Muchas de esas formas adjetivales surgieron precisamente de una manera distorsionada y simulada de respeto, cuando no de temor a ofender y herir, sin caer en eufemismos forzados como los que modernamente se dan para referir a los senectos y ancianos como "adultos mayores" o a todos los de alguna manera inválidos como "discapacitados". ¡Tenemos tanto miedo de las palabras! Quizá más que a los puñales de metal que zanjan las entrañas.
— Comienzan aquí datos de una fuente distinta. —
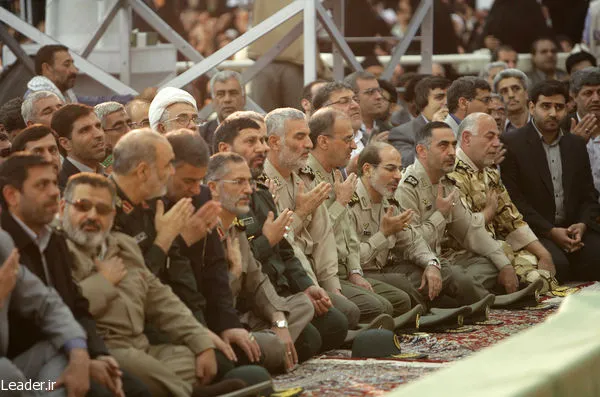 ديدار خانواده‌هاي معظم شهدا و ايثارگران با رهبر انقلاب

22/07/91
Tan débil y vulnerable es nuestra psique, nuestra estructura emocional.
La solución no está en erradicar, en culpar a las palabras, como sí en aclarar sus variados significados y, sobre todo, enseñar la pertinencia del uso de los denotativos así como de los connotativos. Y eso es tanto tarea de la Academia, en sus obras, quizá en menoscabo de la brevedad de las entradas. Y es tarea de los profesores de párbulos, los que, teniendo el diccionario al lado pueden o deberían orientar a los educandos en los usos y abusos de las palabras, sin satanizarlas, sin someterlas a un juicio inquisitorial sobre los valores que el mismo uso, la experiencia social les ha dotado con el paso del tiempo. ¿Y los padres? Su mejor papel formador está en el ejemplo.
Las palabras han de morir solas, naturalmente, y no por decreto, y menos por capricho o por una susceptibilidad herida de parte de aquellos que se sienten ofendidos por el uso que otros hacen de ellas a sabiendas o ingenua e impulsivamente. Porque las palabras encierran ideas y ya sabemos lo que conlleva enjuiciar a las ideas: para unos como Giordano Bruno, la hoguera; para otros como Galileo, la abjuración; para Tomás Moro, perder la cabeza antes que la razón tras la verdad...
Traspolando las propuestas del historiador mexicano Enrique Krauze en su análisis de la democracia mexicana para pensarla como una sin adjetivos, me atrevo ahora a hacer irónicamente lo propio para la discriminación en su estricto ejercicio como proceso cognitivo libre de adjetivos. Las palabras no tienen la culpa. Seguir por este camino obtuso sólo abonará a que mañana ni las bromas nos sepan, y lo que a todas luces es diferente nos resulte, de manera equívoca, indiferente.